He is quick to point out that not all journalists who cover conflict are suffering; some return from the battlefield largely unscathed. That 29 per cent of war journalists develop PTSD, Dr. Feinstein notes, leaves more than 70 per cent who don’t. Likewise, 76 per cent of journalists do not develop depression. Many do not develop drinking problems. But the rates are still significantly higher than those in the general population and higher, for example, than rates for police officers, fire fighters and veterans who have not seen active combat.
It is truly a dangerous time for journalists: 900 have been killed covering combat in the past two decades compared to just two killed covering the First World War. “Iraq has been by far the most lethal conflict for journalists, with close to 200 members of the press killed so far. This number exceeds the mortality rate for journalists from World Wars I and II and the Vietnam War combined,” says Dr. Feinstein.

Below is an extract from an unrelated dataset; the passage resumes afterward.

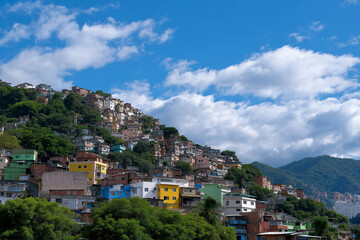 Colorful houses on a hillside with blue sky and clouds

Whether steered by confidential help lines established by news outlets, or encouraged by Dr. Feinstein’s books, his documentary or his reputation, journalists are turning to him in increasing numbers. He responds, depending on the severity of their symptoms, with an array of treatment options including cognitive behavioural therapy, cautious use of medication and counselling. For those with full-blown PTSD or depression, taking a break is often his first recommendation. “If someone is acutely traumatized and in a war zone, my advice to them is, ‘You need to take a break from this and look after yourself,’” he explains. “That’s common sense; if you’re a long-distance runner and you’ve developed a fractured leg, you’re going to take a break from running.”
For those in remote areas, he will set aside an hour a week to counsel them remotely, over the phone; he has treated journalists this way for several months at a stretch. (The opening scene in Under Fire, for example, shows Reuters photographer Finbarr O’Reilly preparing for an assignment in West Africa by packing his flak jacket and calling Dr. Feinstein in Toronto.) For those whose problems turn out to be more acute, he recommends returning home – wherever home might be – to seek local expertise.
Graeme Smith, who covered the war in Afghanistan for The Globe and Mail from 2005 to 2009, visited Dr. Feinstein at his Sunnybrook offices as a precaution. “I wanted to get my head checked, to put it bluntly, and he assured me I’m not suffering from PTSD or depression,” says Graeme, adding that the session gave him a clear picture of what he should be watching for: changes in sleeping habits, relationships or appetites for food or sex. “He also told me to watch for any irrational avoidance behaviour, a tip-off that somebody can be scarred by a particular experience and unwilling to repeat it.”
But much of Dr. Feinstein’s work is more proactive than reactive, working with news outlets and journalists before problems arise.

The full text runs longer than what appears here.